Copán was one of the great centers of Maya civilization over a thousand years ago. The beautiful ruins have some of the most impressive pre-Columbian art anywhere. Near the ruins is the modern town of nearly the same name - Copán Ruinas, with clean hotels and other facilities for visitors. Due to their proximity, both locations are covered by this article.
Sculpture at Ruinas de Copán
The ruins are quite substantial and a major tourist attraction in western Honduras. While less visited than the better known tourist attraction ruins like Chichen Itza, many people find them even more interesting.

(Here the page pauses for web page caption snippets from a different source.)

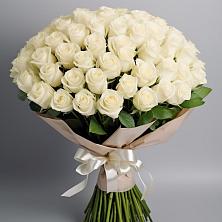 Букет 101 беля роза Белоснежка в Петровском Тамбовской области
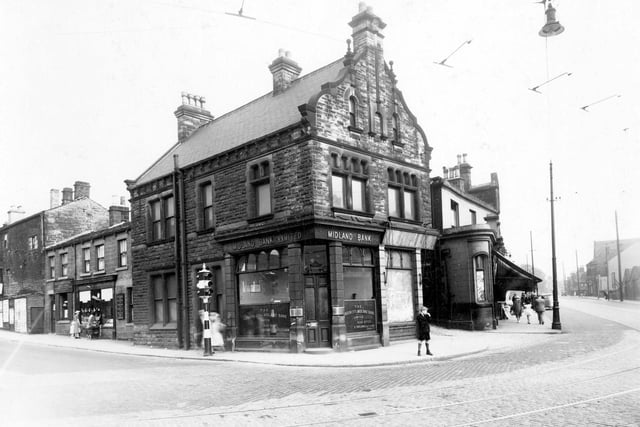 The junction of Kirkstall Lane and Commercial Road in July 1938. Midland Bank is on the corner.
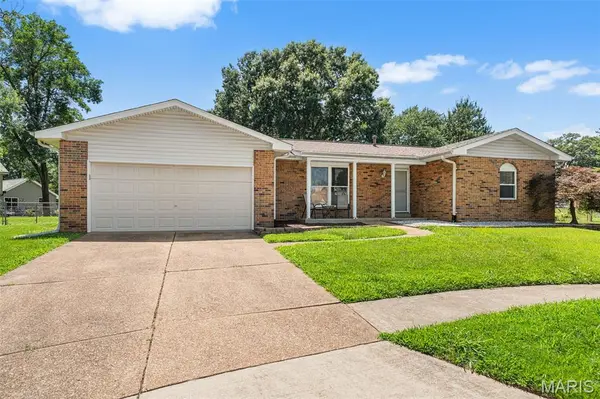 5863 Stonehorse CT, St Louis, MO 63129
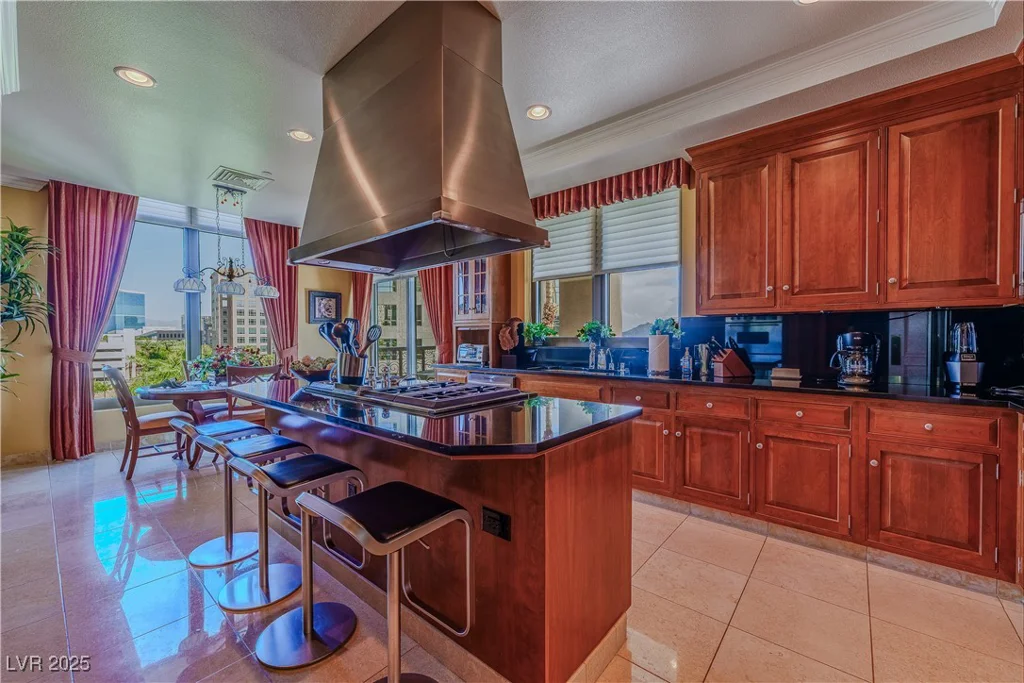 1 Hughes Center, Las Vegas, NV 89169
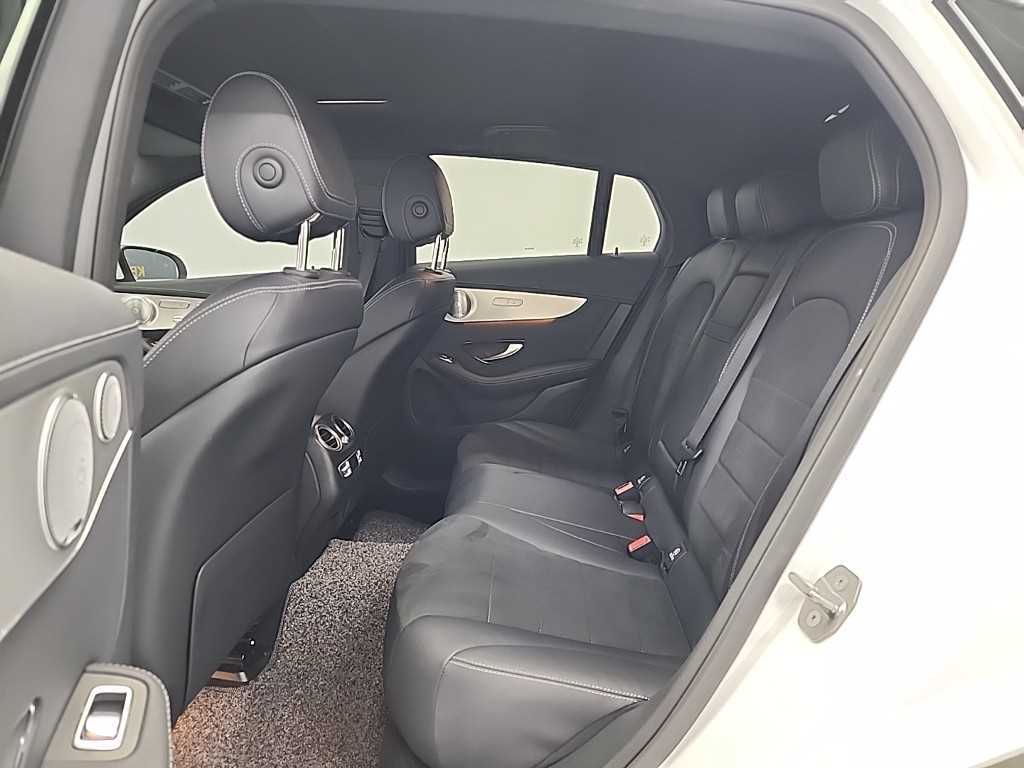 Mercedes Benz GLC Class - Vista 12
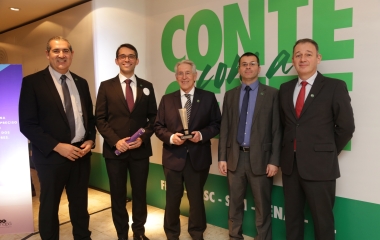 Osvair Matos (e), Roberto de Medeiros, Glauco José Côrte, Marcelo Carneiro e João Roberto Lorenzett, na entrega do prêmio. Foto: Marcus Quint 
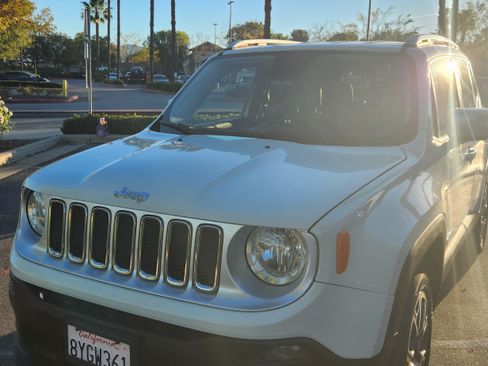 Used 2015 Jeep Renegade Limited image 10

Copán is in a fertile river valley and nestled among rolling hills, at an elevation so it is not so very hot as some of the Central American rainforest sites.
Elsewhere in Honduras: There are regular shuttle buses to Copán Ruinas (L40) from La Entrada, a regional transport hub about 1-2 hours from Copán. Find a bus that passes through La Entrada (San Jose, San Pedro Sula, Nueva Ocotepeque, etc.)
Hedman Alas services Copán Ruinas from San Pedro Sula, with connections to/from Tegucigalpa, La Ceiba, and elsewhere. If you just go to the San Pedro Sula bus station, it's likely a bus will be leaving in the near future. Casasola Expresses is a budget (L110) alternative to Hedman Alas.
Guatemala: There are daily shuttles that depart Antigua, Guatemala at 4AM and 9AM and arrive in Copán Ruinas around six hours after departure time. Most travel agents in Antigua sell tickets for this shuttle. Prices vary from $7 to $12.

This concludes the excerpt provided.